宮島訪問税創設の原点は、多くの観光客の来訪によって必要となる行政経費が増大し、宮島地域の市税収入ではそれを賄うに十分ではなく、不足する経費の多くを廿日市市全体の法定普通税で担っていること、また、地方固有の一般財源である地方交付税においても、外部からの来訪者を算定基礎とする措置がなされていないことにあります。
(2)経緯・取組
宮島に係る新たな財源確保策の検討は、今から十数年前に遡ります。
廿日市市は、平成17年11月3日に宮島町と合併し、合併による財政の効率化を図ってきたものの、宮島地域における市税及び地方交付税で賄えない行政経費の額は、年間約2.5億円に膨らんでいました。

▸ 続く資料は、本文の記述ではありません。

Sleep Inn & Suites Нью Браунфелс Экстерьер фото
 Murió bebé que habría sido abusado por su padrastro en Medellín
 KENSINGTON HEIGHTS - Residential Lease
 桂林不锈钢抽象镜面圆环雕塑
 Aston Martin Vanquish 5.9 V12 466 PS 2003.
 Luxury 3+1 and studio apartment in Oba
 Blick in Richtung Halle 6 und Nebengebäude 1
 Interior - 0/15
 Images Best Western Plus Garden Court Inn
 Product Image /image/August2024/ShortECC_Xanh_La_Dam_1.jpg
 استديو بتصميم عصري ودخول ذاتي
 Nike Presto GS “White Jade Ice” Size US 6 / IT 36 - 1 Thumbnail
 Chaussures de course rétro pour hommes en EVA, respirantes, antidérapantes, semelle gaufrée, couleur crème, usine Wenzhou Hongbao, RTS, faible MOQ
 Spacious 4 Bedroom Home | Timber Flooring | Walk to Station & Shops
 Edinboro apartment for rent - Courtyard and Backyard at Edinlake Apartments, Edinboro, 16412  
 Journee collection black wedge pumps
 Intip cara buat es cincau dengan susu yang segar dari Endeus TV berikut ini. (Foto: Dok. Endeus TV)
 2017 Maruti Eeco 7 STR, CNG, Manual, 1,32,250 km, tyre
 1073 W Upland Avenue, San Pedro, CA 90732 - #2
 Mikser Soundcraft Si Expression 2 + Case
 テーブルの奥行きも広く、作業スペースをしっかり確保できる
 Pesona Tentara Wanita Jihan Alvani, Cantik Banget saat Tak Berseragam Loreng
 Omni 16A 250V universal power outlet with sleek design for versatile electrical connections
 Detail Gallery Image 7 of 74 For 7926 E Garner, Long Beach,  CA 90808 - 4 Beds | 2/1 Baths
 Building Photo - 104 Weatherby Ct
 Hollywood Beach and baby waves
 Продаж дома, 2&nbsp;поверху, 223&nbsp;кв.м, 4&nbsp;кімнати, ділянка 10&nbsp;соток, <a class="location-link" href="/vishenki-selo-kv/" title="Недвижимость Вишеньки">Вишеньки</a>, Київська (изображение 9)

合併後に執行された平成19年の廿日市市長選挙では、宮島への「入島税」の導入が選挙公約として掲げられ、平成20年度、さらに平成27・28年度の2度にわたり、宮島地域の安定的な財源確保策として制度検討を行いました。
この2度の検討では、いずれも宮島に入島する行為を課税客体とする税制度の検討を行いましたが、宮島地域の生活者等を観光客と同様に取り扱うことに関しては、合理性や正当性の説明が難しく、新税の創設までには至りませんでした。
3度目となる令和元年度の検討においては、専管組織となる宮島財源確保推進室や学識経験者、地域経済団体等からなる「宮島財源確保検討委員会」を設置し、制度の仕組みを見直すこととしました。
同委員会からは、宮島へ来訪する多くの観光客によって発生し、又は増幅する行政経費について、その行政経費を発生・増幅させた原因者に応分の負担を求める「原因者負担」に課税根拠を見直すよう提案がありました。
この原因者にのみ課税する考え方への転換により、一番の問題点であった宮島地域の生活者等を課税対象から除くことについて、論理的な整理が可能となり制度検討が飛躍的に前進することとなりました。また同時に、税の賦課徴収方法についても、旅客船舶による運賃と併せて税を徴収する特別徴収や個人船等による申告納付の手法についても検討が進み、市独自の税制度導入に向けた準備が整うこととなりました。
その後、国や県などの関係機関とも協議を重ねながら税制度の概要をまとめ、新税の必要性や理論等については、市民、市議会へ幾度となく説明を行い、併せて条例素案に対するパブリックコメントの実施や特別徴収義務者との徴収方法の個別調整等を経て、令和3年2月に条例案を市議会に提案しました。
条例案の提案までに、市議会においては、議員全員協議会が4回、学識経験者を交えた会派合同研修会が1回、総務常任委員会所管事務調査が7回行われ、議員間で活発な討議が行われました。
廿日市市宮島訪問税条例は、令和3年3月15日、定例会において賛成多数で可決され、3月16日公布、7月21日に総務大臣同意、そして令和5年9月1日施行され、念願かない同年10月1日から宮島訪問税の徴収を開始しました。
ここまで、平成20年度の検討開始から足かけ15年間を要しましたが、本条例の制定及び徴収開始は、この過程に関わった全ての方々の熱い思いと努力の結晶といえるものです。